Social movement abstract concept vector illustration.

Text: Andreas Reich DVG e.V.       Bild: pixabay

Wenn man die Nachrichten der letzten Tage so liest und die Geschichte der Finanzierung der letzten über 60 Jahre verfolgt, dann heißt das eindeutig „Ja“.

Seit 1957 werden alle Sozialversicherungen für Pflichtversicherte um Billionen (Rentenversicherung) und Milliarden (Krankenkassen) Euro von den Bundesregierungen betrogen. “Versicherungsfremde Leistungen“, die als gesamtgesellschaftliche Leistungen vom Staat den Sozialversicherungen aufgebürdet wurden, wurden und werden nicht vom Staat in vollem Umfang finanziert. Diese gesamtgesellschaftlichen Sozialleistungen wurden und müssen deshalb mit Beitragsgelder der Arbeitnehmer zusätzlich finanziert werden. Das heißt, die Beitragsgelder der Beitragszahler werden zweckentfremdet durch die Sozialversicherungen ausgegeben und damit werden über diesen Konstrukt die Leistungen für die gesetzlich Versicherten de facto gekürzt, z.B. beim Rentenniveau auf 48% liegt, dank der Regierungen seit 1957. Dies und die öffentlichen Diskussionen zeigen, wie hauptsächlich die Rentner in Deutschland  von der Politik zur Finanzierung der “versicherungsfremden Leistungen” benutzt wurden und weiterhin werden. Wie sind die bis Ende 2023 angefallenen, fehlenden über 1 Billion Euro anders zu erklären?

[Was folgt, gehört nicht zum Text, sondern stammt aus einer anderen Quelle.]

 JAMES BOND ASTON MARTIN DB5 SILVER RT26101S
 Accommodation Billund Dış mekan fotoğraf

Aber nicht nur in der Rentenversicherung werden Rentner jährlich betrogen, auch werden zusätzliche Einnahmen bei den Rentnern für die Steuer und bei den Krankenkassen abgezogen. So wurde nach einer Nullfinanzierung bei den versicherungsfremden Leistungen im Jahr 2002 (lt. Untersuchung der Hans Böckler Stiftung waren das 22 Mrd. Euro) ein Jahr später auf Grund fehlender Gelder in der Krankenkasse unter Mithilfe des Verbandes der Gesetzlichen Krankenversicherer (GKV) von der SPD-Grünen Regierung mit Beteiligung der CDU das Gesundheitsmodernisierungsgesetz (GMG) beschlossen wurden. Damit wurden auf einmal Kapitallebensversicherungen mit Entgeltumwandlung nachträglich als Betriebsrenten eingestuft. Und obwohl bei diesen Versicherungen keine Gelder durch die Arbeitgeber geflossen sind, so werden sie wie die allgemeinen Betriebsrentner behandelt, die durch Gelder der Arbeitgeber finanziert wurden.

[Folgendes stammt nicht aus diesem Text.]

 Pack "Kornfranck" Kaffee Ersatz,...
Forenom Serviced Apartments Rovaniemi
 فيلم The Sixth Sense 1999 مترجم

Für Versicherungen, die vor 2004 abgeschlossen wurden wird das Gesetz, § 229 SGB V rückwirkend angewandt, ein Bestandsschutz wie bei der Riester-Rente wurde und wird bei Direktversicherungen nicht gewährt!!!

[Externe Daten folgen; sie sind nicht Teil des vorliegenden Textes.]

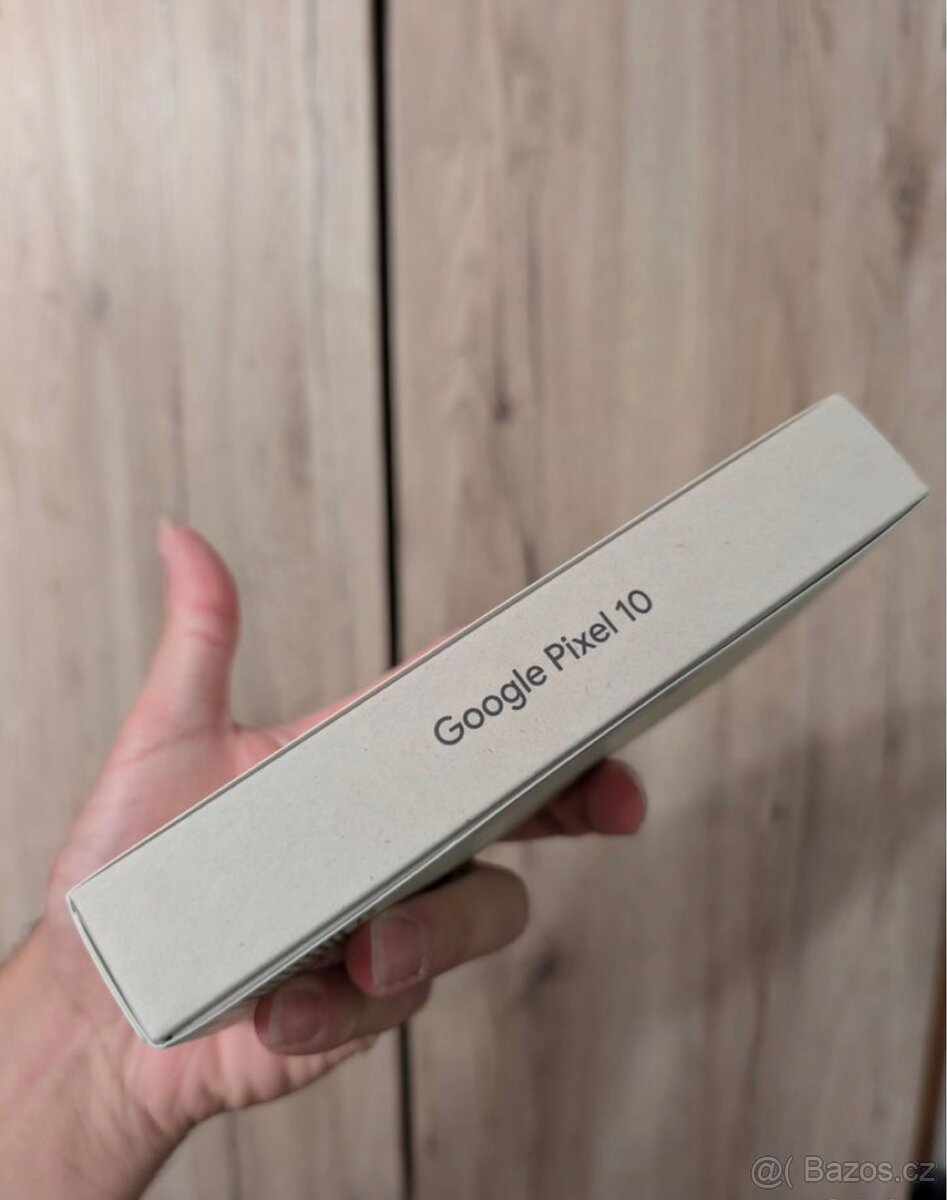 Google Pixel 10, 12/128 GB - 2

Doch kommen wir zu den in den letzten Wochen geäußerten Vorstellungen von Regierung, Sachverständigen, Arbeitgeberpräsident, Rentenversicherung und der Wirtschaftsweisen Veronika Grimm.

Beginnen wir im August:

Der MDR meldet: Falsch berechnete Renten – Wen trifft es am meisten? Hier geht es um die Erhöhung der Beiträge für die Pflegeversicherung, die bei den Rentnern erst nach der Erhöhung der Renten im Juli 2025 erfolgte.
Focus: Gewaltiger Anstieg – Pensionskosten sollen sich mehr als verdreifachen.
Frankfurter Allgemeine: Private Renten-Vorsorge: Sozialverband (SOVD) will Beiträge in gesetzliche Rentenversicherung ermöglichen;
Frankfurter Allgemeine: Rente mit 70 reicht nicht: Wirtschaftsweiser nennt unangenehmen Plan;
T-Online: Ex-Rentenchef warnt vor Systembruch – Eine unterschiedliche Anhebung von Renten sieht der ehemalige Chef der Rentenversicherung als rechtlich bedenklich an. Er spricht eine Warnung aus;
T-Online: (Ein kaputtes System) Warum die Betriebsrente ein radikales Update braucht.
Welt
: DGB-Chefin Fahimi hält den Sozialstaat für finanzierbar und lehnt Leistungskürzungen in Bürgergeld und Renten ab.
Focus: DIW Präsident Fratzscher setzt die „Boomer“ auf die Renten-Anklagebank, aber verschweigt Entscheidendes.
T-Online: (Die Reform des Sozialstaats). Merz will “schmerzhafte Entscheidungen“ treffen.

September:
Der Westen: Am Volk vorbei regieren? Mehrheit will völlig andere Reformen als die Merz-Regierung.
Die Zeit: Bunderegierung will mit neuem Gesetz für mehr Betriebsrenten sorgen
dts-Nachrichtenagentur: Wirtschaftsweise Veronika Grimm fordert tiefgreifende Reformen
gegen-hartz: Beirat will die Rente stark einkürzen
Ruhr24: Rentner ins Pflichtjahr -„Wer Kreuzfahrten macht, kann auch der Gesellschaft helfen“.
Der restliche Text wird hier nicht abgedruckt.